A four room addition to the Reinhard School was recommended in 1949 and the voters approved a bond issue for $125,000 on November 7, 1950. By 1952 renovations to the Reinhard School and four additional classrooms were completed.
In 1953, Hellertown Borough and Lower Saucon Township entered into joint agreement, and formed the Hellertown-Lower Saucon Joint School System. Planning began immediately for an addition to the High School Building on Main Street, another addition to the Reinhard School, and a new elementary school for Lower Saucon Township, which would phase out its 14 one room schools.

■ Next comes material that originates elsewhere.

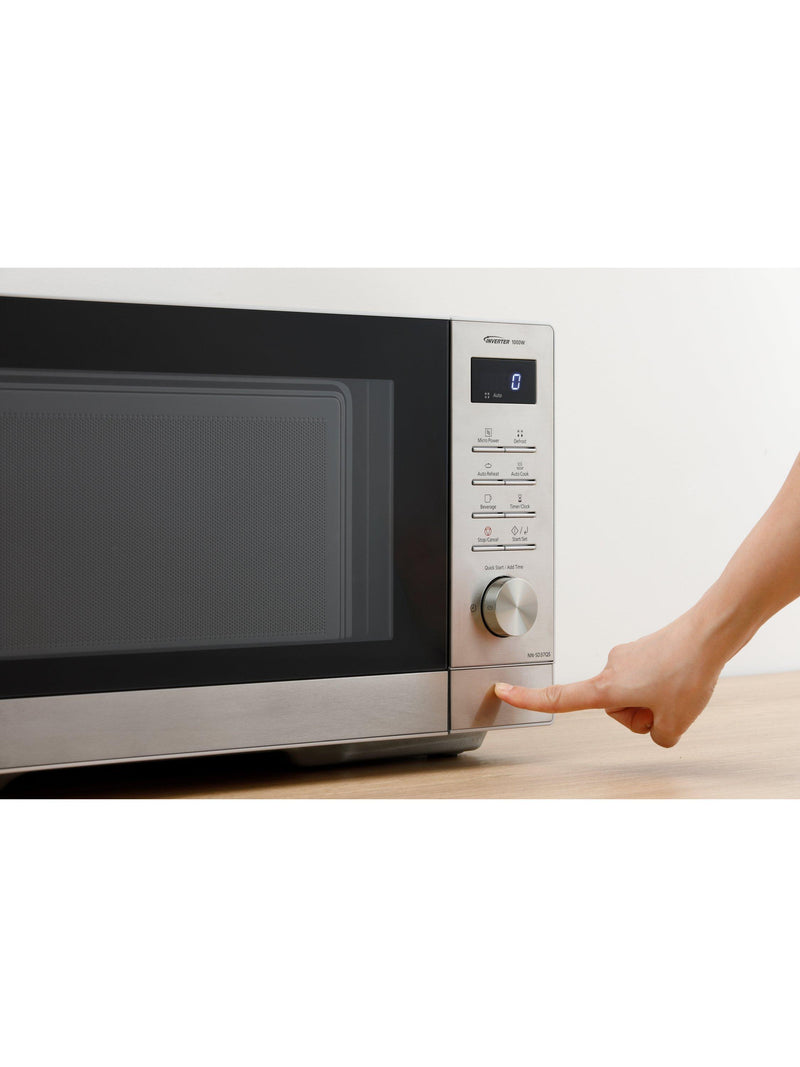 Panasonic NNSD37QSBPQ microwave 29L, imported from the UK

Later planning included an annex to the Wolf Elementary School.
Some detail of this building program follows:
Reinhard Elementary Annex and Renovations–8 classrooms, cafeteria, auditorium, health suite and library. Completed September, 1957. Cost–$400,000.

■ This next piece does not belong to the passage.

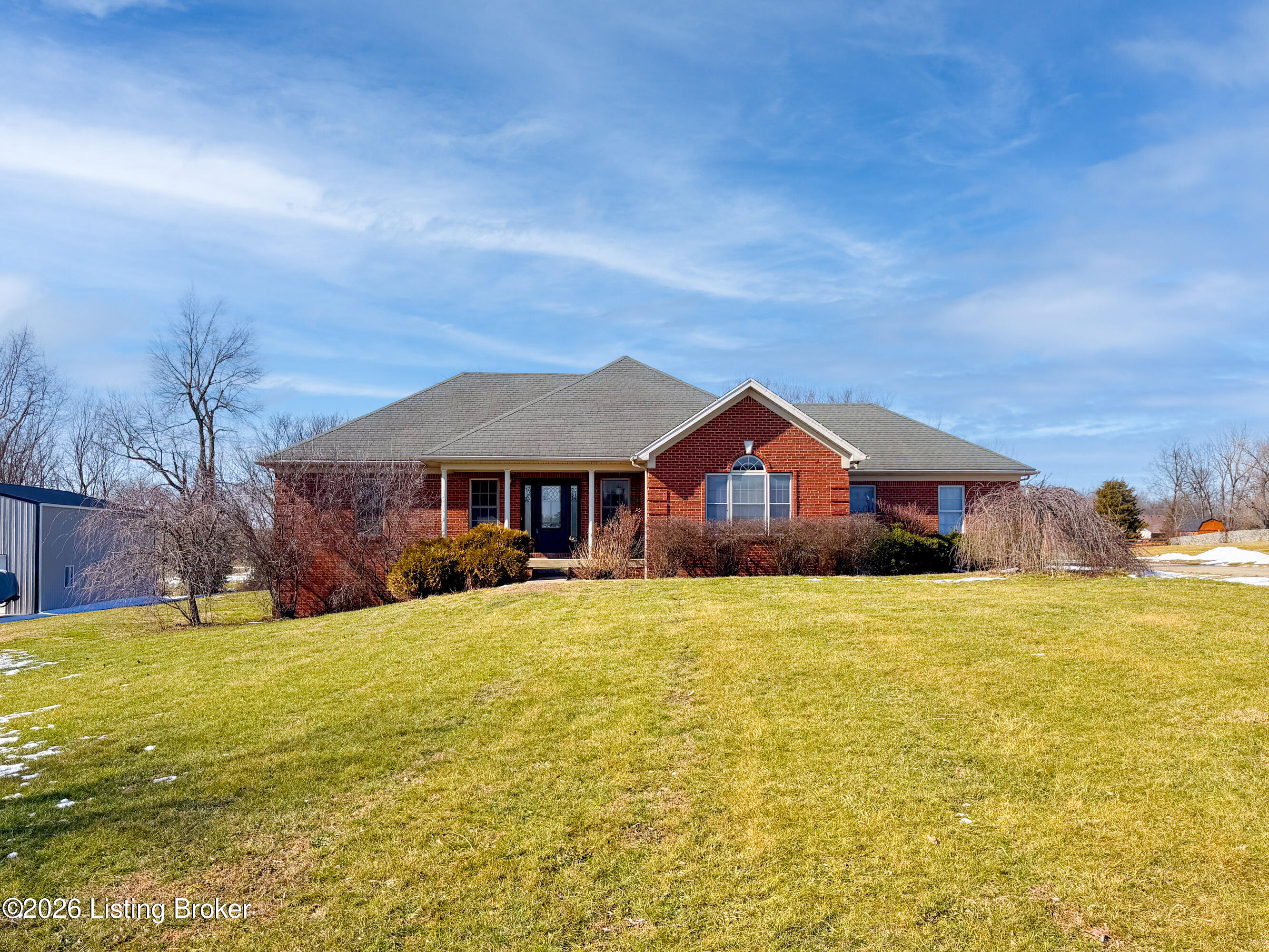 196 Lanter Ln Property Photo 1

Lower Saucon Elementary–22 classrooms, cafeteria, auditorium, health suite and library. Completed September, 1958. Cost–$940,000.
High School Annex and Renovations–12 classrooms, library, cafeteria, auditorium, gymnasium, industrial arts shops, home economics suite, choral and band room, health suite. Completed January, 1959. Cost–$1,800,000.
Wolf Elementary Annex and Renovation–kindergarten room, cafeteria and auditorium. Completed April, 1962. Cost $242,600.
Besides the construction completed during this period there were other accomplishments. The instructional program was reviewed and improved. All schools–elementary and high school were evaluated and given satisfactory ratings. The high school was accredited by the Middle States Association of Secondary Schools and Colleges in 1962.
It might also be noted that a broad program of sports was adopted from 1932 to the present. Lehigh-Northampton League championships have been won during this period in football, basketball, baseball, track, and wrestling. The last mentioned sport has given us a state champion in 1970 and 1971 in the person of Don Rohn and in 1972 Dan Santoro.
The resignation of M. E. Illick, Supt. of Schools, effective August 31, 1963 ended thirty-six years of service to the Borough and Joint School Systems. He was succeeded by Mr. Glenn D. Muirhead who served from 1963-70. During Mr. Muirhead’s administration the Joint School System was dissolved and the new Saucon Valley School District was organized December 5, 1966. Mr. Muirhead resigned as Supt. of Schools June 30, 1970 and was succeeded by Dr. W. Eugene Stull, who is presently serving in that capacity.
The completion of the new Saucon Valley Sr. High School in 1971 marked the end of overcrowded classrooms and facilities and the beginning of a new era in the educational program of the community. This building includes 25 classrooms, library, auditorium, gymnasium, homemaking suite, industrial arts shops, music rooms, health suite, faculty rooms, cafeteria, swimming pool, and an administrative suite. Its total cost was $5,150,000.
The addition of an area Vocational High School as well as a Community College both supported financially by the school district has enriched the program for our youth. Working together with community understanding and careful planning we shall continue to design for the future–to build better citizens and a better community.
*Note: The combined cost of the school buildings and additions that were constructed in Saucon Valley between 1957 and 1971, if adjusted for inflation, would equal approximately $67 million in 2021. This is more than the entire district budget for the 2020-2021 school year, which was approximately $48.1 million.